■ Record excerpts:
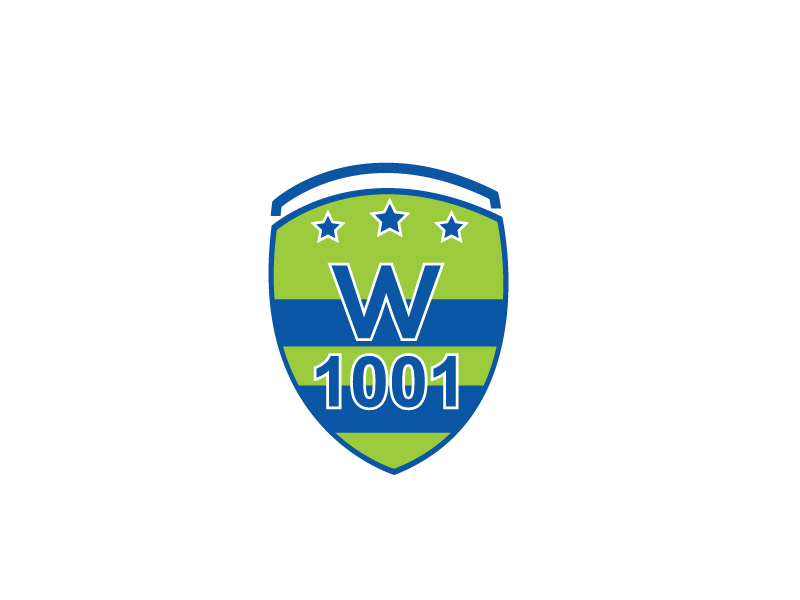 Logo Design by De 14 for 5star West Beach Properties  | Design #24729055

==

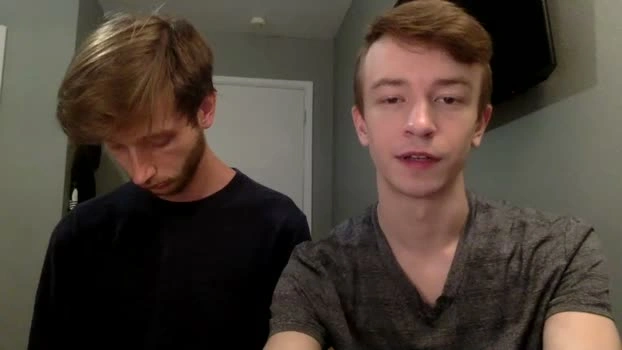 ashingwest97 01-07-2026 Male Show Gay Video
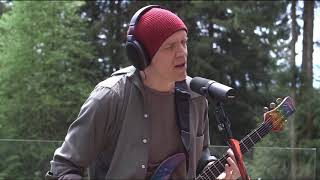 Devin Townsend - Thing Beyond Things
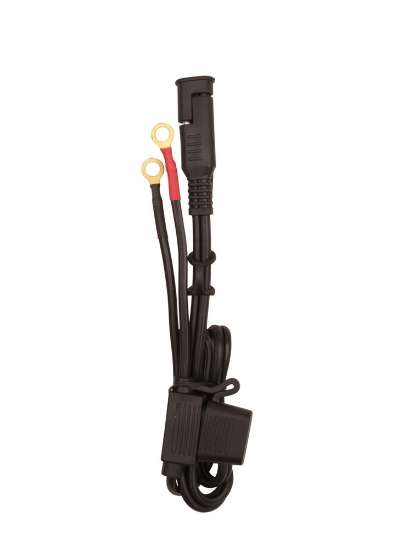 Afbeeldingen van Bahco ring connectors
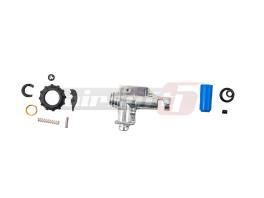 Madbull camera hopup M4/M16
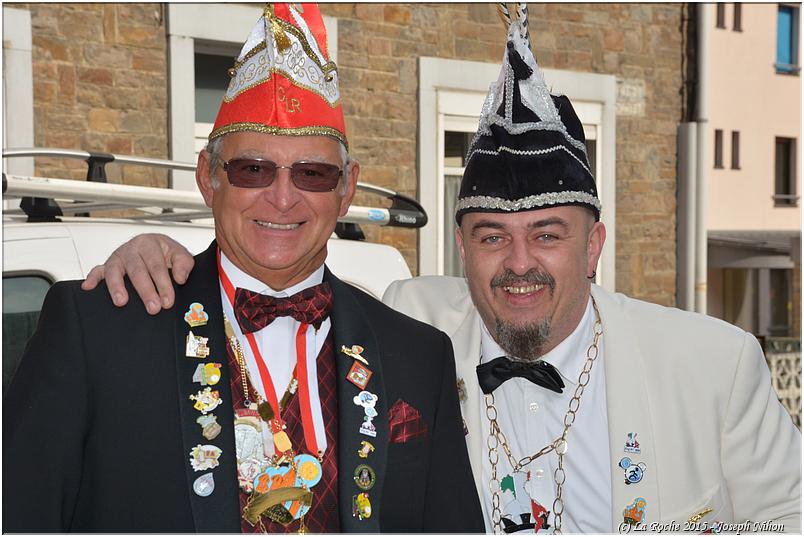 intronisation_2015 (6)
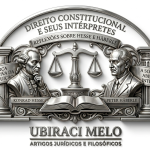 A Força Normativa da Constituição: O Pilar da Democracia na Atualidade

--

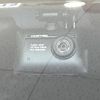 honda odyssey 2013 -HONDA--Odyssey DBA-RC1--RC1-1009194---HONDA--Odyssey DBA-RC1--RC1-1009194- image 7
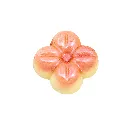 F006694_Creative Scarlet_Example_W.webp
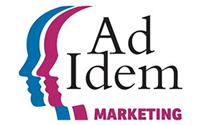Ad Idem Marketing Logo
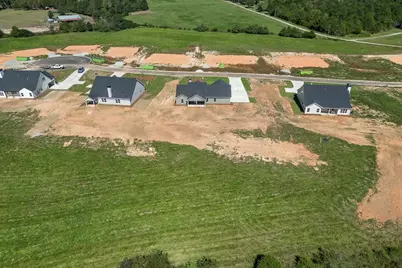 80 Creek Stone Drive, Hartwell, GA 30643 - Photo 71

■ Exercise directions: Starting at the line above that contains "F006694_Creative Scarlet_Example_W.webp", transcribe every line exactly through the line that contains "80 Creek Stone", including that last one, and skip the pictures.

■ Exercise answer:
 F006694_Creative Scarlet_Example_W.webp
Ad Idem Marketing Logo
 80 Creek Stone Drive, Hartwell, GA 30643 - Photo 71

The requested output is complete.